About this task:
Exclude images; transcribe the rest of the data exactly.

Material provided:
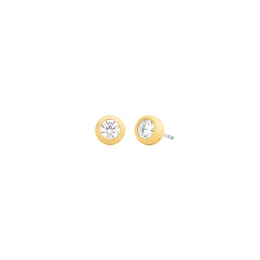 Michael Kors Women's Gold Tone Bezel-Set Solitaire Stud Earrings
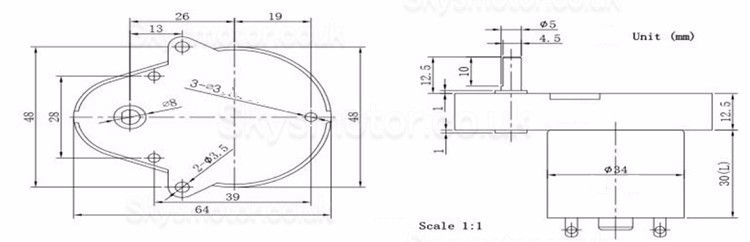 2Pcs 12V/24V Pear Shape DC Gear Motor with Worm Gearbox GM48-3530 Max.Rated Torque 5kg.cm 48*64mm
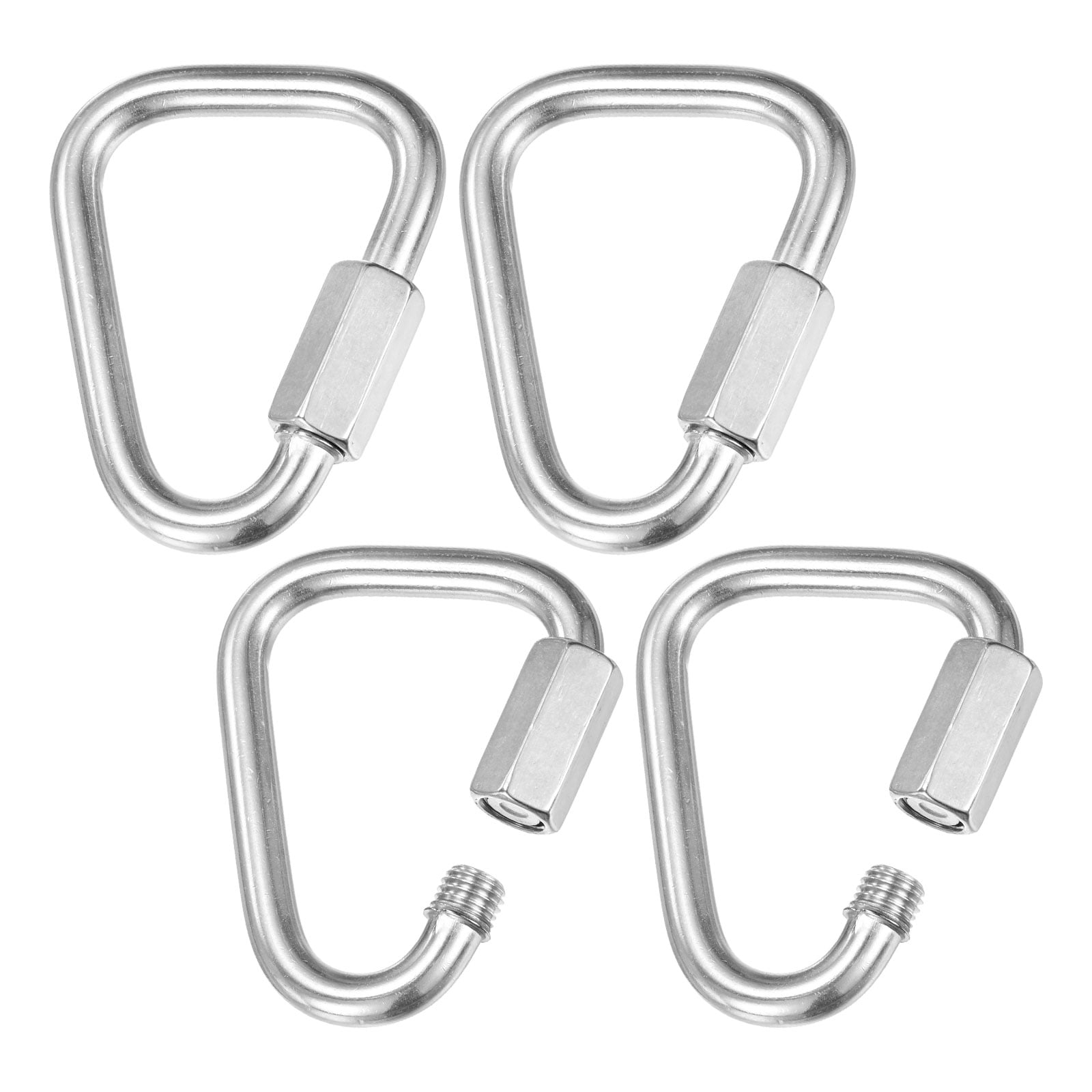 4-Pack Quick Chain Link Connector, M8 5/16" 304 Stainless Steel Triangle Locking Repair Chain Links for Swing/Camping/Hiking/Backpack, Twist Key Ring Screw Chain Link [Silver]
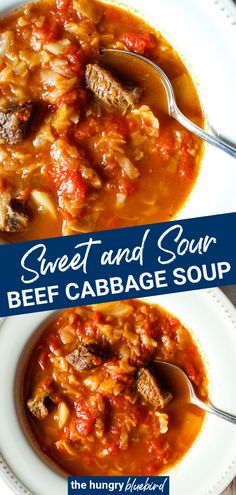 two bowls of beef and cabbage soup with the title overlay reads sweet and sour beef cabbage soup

Response to this exercise:
 Michael Kors Women's Gold Tone Bezel-Set Solitaire Stud Earrings
 2Pcs 12V/24V Pear Shape DC Gear Motor with Worm Gearbox GM48-3530 Max.Rated Torque 5kg.cm 48*64mm
 4-Pack Quick Chain Link Connector, M8 5/16" 304 Stainless Steel Triangle Locking Repair Chain Links for Swing/Camping/Hiking/Backpack, Twist Key Ring Screw Chain Link [Silver]
 two bowls of beef and cabbage soup with the title overlay reads sweet and sour beef cabbage soup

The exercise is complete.